**** PROVIDED MATERIAL
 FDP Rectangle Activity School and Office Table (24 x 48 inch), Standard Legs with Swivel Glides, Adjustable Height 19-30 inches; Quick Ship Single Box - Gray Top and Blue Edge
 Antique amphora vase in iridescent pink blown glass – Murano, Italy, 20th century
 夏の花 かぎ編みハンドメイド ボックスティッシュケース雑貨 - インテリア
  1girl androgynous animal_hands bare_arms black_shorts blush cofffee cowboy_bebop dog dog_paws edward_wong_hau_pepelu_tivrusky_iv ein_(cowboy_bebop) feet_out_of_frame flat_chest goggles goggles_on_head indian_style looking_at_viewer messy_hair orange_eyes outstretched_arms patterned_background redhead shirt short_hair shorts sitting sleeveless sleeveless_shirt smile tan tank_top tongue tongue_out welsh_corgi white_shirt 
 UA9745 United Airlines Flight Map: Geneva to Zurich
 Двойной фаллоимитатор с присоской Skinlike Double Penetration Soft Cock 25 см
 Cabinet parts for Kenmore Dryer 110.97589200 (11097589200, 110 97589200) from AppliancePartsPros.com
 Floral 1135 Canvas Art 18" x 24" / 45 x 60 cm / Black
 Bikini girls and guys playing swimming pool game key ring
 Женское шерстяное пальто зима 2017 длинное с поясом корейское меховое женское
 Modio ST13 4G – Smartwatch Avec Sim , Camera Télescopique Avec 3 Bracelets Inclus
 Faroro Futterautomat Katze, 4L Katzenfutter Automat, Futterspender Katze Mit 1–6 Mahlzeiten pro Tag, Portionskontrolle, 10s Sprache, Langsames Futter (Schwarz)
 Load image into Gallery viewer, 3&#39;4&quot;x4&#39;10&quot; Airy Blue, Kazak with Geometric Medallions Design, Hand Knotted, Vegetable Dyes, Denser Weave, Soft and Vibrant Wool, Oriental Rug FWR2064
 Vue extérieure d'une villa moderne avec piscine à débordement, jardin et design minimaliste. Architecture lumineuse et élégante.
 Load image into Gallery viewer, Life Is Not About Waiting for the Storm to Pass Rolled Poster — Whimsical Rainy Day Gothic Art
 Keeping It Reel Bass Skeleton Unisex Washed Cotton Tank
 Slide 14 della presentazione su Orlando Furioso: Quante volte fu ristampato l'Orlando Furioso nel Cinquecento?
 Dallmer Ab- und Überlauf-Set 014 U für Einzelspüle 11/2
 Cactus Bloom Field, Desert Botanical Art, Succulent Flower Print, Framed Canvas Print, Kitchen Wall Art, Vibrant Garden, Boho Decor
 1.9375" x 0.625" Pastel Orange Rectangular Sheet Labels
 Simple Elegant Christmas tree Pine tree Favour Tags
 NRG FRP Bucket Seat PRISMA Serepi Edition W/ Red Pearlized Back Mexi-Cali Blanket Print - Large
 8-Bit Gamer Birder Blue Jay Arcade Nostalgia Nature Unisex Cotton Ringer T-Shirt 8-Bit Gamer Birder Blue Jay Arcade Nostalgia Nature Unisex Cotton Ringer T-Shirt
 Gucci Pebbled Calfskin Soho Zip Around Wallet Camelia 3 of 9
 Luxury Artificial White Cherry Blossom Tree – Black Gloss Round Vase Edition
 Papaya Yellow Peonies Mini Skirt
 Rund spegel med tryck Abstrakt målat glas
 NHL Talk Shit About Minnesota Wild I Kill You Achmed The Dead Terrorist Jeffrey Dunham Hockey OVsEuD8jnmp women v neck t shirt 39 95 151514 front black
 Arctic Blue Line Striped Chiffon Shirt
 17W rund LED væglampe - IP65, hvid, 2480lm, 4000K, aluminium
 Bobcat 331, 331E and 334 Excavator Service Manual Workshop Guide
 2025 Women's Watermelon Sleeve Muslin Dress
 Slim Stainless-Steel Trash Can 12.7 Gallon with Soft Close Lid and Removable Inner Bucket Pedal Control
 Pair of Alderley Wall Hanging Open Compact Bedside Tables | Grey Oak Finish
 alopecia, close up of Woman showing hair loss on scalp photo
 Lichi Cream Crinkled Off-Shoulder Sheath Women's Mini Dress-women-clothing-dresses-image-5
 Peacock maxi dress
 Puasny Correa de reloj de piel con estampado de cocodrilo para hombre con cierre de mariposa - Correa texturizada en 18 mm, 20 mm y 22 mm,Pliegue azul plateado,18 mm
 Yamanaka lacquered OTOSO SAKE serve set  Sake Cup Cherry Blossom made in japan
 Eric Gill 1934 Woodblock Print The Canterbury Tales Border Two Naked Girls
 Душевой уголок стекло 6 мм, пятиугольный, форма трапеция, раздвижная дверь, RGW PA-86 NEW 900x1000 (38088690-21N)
********
Whatever else the listing above holds, retype exactly only the lines from the one containing "Rund spegel med tryck Abstrakt målat glas" to the one containing "alopecia, close up", both ends kept.

 Rund spegel med tryck Abstrakt målat glas
 NHL Talk Shit About Minnesota Wild I Kill You Achmed The Dead Terrorist Jeffrey Dunham Hockey OVsEuD8jnmp women v neck t shirt 39 95 151514 front black
 Arctic Blue Line Striped Chiffon Shirt
 17W rund LED væglampe - IP65, hvid, 2480lm, 4000K, aluminium
 Bobcat 331, 331E and 334 Excavator Service Manual Workshop Guide
 2025 Women's Watermelon Sleeve Muslin Dress
 Slim Stainless-Steel Trash Can 12.7 Gallon with Soft Close Lid and Removable Inner Bucket Pedal Control
 Pair of Alderley Wall Hanging Open Compact Bedside Tables | Grey Oak Finish
 alopecia, close up of Woman showing hair loss on scalp photo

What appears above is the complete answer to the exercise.